What should women know about the association between therapies for breast cancer heart disease?
Breast cancer therapies, such as chemotherapy and radiation, may damage the heart. Women who are currently being treated for breast cancer or who have been treated for breast cancer in the past should talk to their healthcare team about reducing the risk of heart disease as related to their treatment.
Is a woman who has had breast cancer more likely to die of breast cancer or of a cardiovascular disease, such as heart failure, heart attack or others?
Cardiovascular diseases, such as heart failure, heart attacks and strokes remain the leading cause of death in women, yet many believe breast cancer to be more deadly. Early detection and current treatments for breast cancer means there are increasing numbers of long-term breast cancer survivors, but these survivors also have a greater risk of cardiovascular diseases, in part resulting from the therapies used to treat the cancer.
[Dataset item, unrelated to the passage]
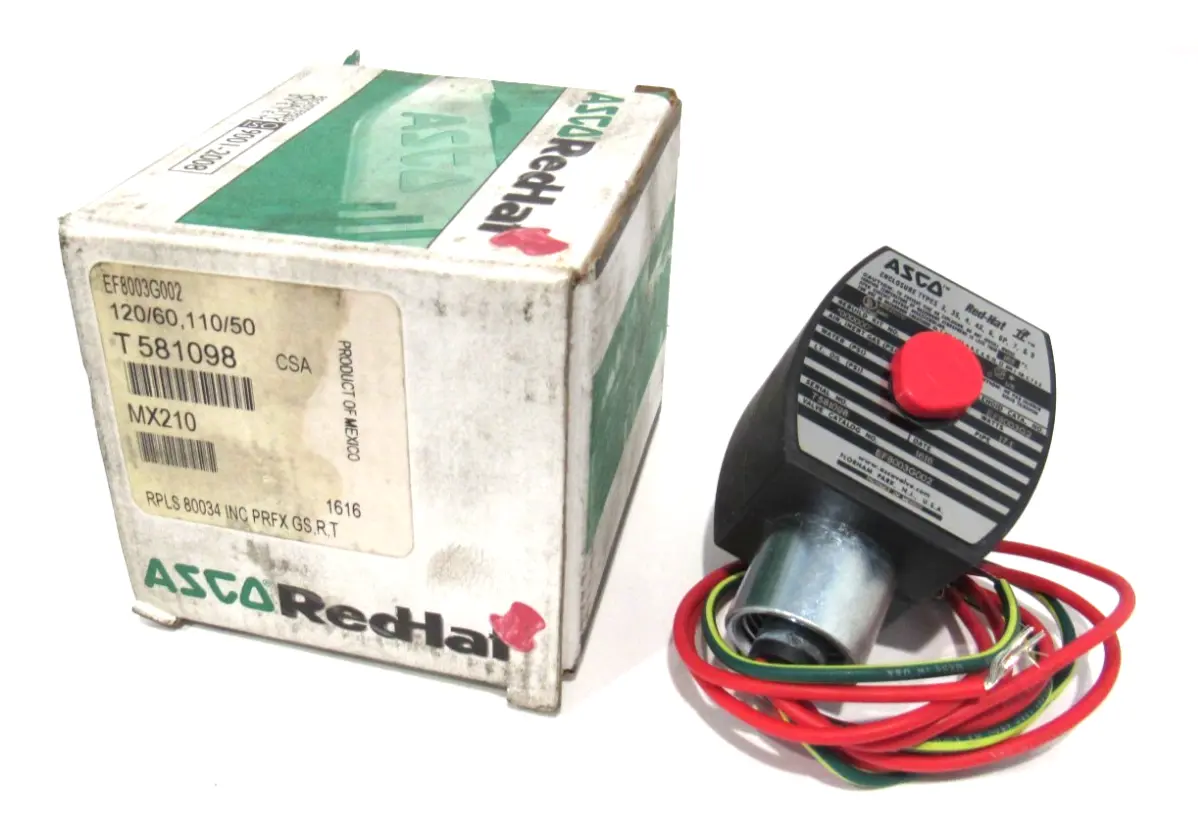 NEW ASCO EF8003G002 SOLENOID VALVE 120/60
In the United States, 47.8 million women are afflicted by cardiovascular disease, compared to 3.32 million women who are afflicted by breast cancer.
If some of the chemotherapy drugs and/or radiation treatments cause heart disease, what can be done to reduce the risk of heart disease?
The most common type of heart problem associated with breast cancer therapies is heart failure, where the heart muscle is weakened and cannot pump blood as effectively. While there are no proven treatments to prevent heart failure or other cardiovascular diseases in breast cancer patients, there are several promising treatments that have been explored in small studies.
Healthcare providers should monitor a woman’s heart before, during and after breast cancer treatment. The type of monitoring or surveillance depends on the type of breast cancer treatment being used. Using medications commonly used to treat heart failure, such as beta blockers, are recommended if the heart muscle weakens. Some studies also suggest that administering common chemotherapy agents using different methods, may reduce the related risks to heart disease. For example, when the chemotherapy agent doxorubicin is administered over a longer period of time, rather than at a faster rate, patients may have a lower risk of heart failure.
Before any of these treatments can be recommended, more large-scale studies will need to be done to confirm whether the results of the smaller studies are valid.
Do breast cancer and heart disease share many of the same risk factors?
Yes – older age, onset of menopause, low-quality diets, family history, hormone replacement therapy, obesity, lack of sufficient physical activity, alcohol and tobacco use increase the risk of both breast cancer and diseases of the heart and blood vessels.
While there is nothing you can do about your age or family history, following Life’s Simple 7 — seven steps people can take to reduce the risk of heart disease – may also help reduce the risk of breast cancer.